先日ブログの読者の方から「輸出がほとんどゼロになったら失業者はどの程度増加しそうですか?」という主旨の質問を頂きました。全文は下記(赤字)のとおりです。
これは私の手に余る質問で、正鵠を得た回答はできませんが、幾つかのコメントを申し上げたいと思います。
円高で製造業その他が海外に拠点を移管した場合、国内で従事していた人達は失業するのでしょう。GDPに対する輸出の割合が10%だそうですが、それが殆どゼロになったら、失業者はどの程度増加しそうですか?
【輸出のGDP比率が低いからといって経済に与える影響が小さいということにはならない】
輸出の増減が国民所得に与える影響の大きさを示すものとして外国貿易乗数というものがあります。
外国貿易乗数=1/(1-限界消費性向+限界輸入性向)
日本は輸入依存度が低い(GDPに対する輸入の比率は9.7%)ので、限界輸入性向は低く、貿易乗数は高くなります。これは日本は部品の国内調達比率が高いことによります。つまり自動車メーカーに、1次、2次、2次・・と下請けが付いている状態ですね。また下世話にいうと、トヨタさんの輸出が落ちると名古屋の飲み屋さんの売上が落ちるというのも乗数効果です。
従ってもし円高で製造業等が海外に拠点を移すとしたら、失業はその企業や下請企業に起きるだけでなく、飲食業等内需にも起きます。ただしどの位の失業が発生するかは分かりません。
【円高でなくても企業は海外に軸足を移す】
日本貿易振興機構のアンケート調査によると、大企業の3割は円高対策として「海外の稼働率を上げる」と答えています。
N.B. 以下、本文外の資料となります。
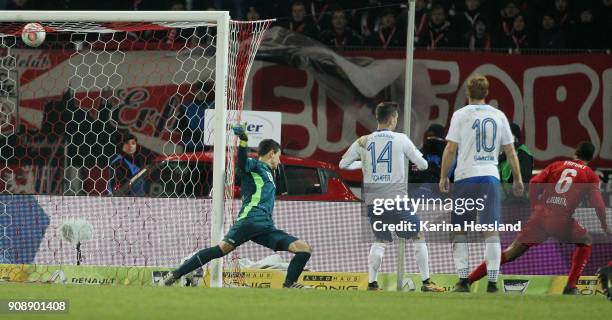 Andre Laurito of Erfurt scores the third goal, Goalkeeper Jan Glinker of Magdeburg without a chance during the 3.Liga match between FC Rot Weiss...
一方内閣府の「企業行動に対するアンケート調査」で企業の海外進出の理由を聞くと全産業・製造業とも「進出先やその近隣先の需要拡大が見込まれる」ことを第一の理由にあげて、円高に対応すると思われる「コストが安い」を凌駕しています。
少子高齢化で人口の減少する国内市場に限界を感じる製造業・非製造業の海外進出は為替レートに関係なく進むと思われます。
ただし製造拠点は海外にシフトしても、研究開発部門は日本に残す企業が多いと思われますので、海外での企業活動が活発になると、国内の雇用も増え、海外シフトによる雇用のマイナス影響が緩和されると思われます。
以上のように見てきますと、「日本の輸出比率がGDPの10%だから円高の影響は小さい」というのも極論であり、円高要因だけで日本企業の海外シフト(逆に言うと円安になれば国内に留まる)が起きると論じるのも極論に思われます。
しかし高齢化が進み民間消費支出の伸びが期待できない上、財政赤字で政府支出の拡大も望めない日本にとってGDPを伸ばすには、輸出を増やすしかありません。
実力以上(何が実力か?という難問はあるのですが)の円高が持続することは、国の将来にとって困ったものだと私は考えています。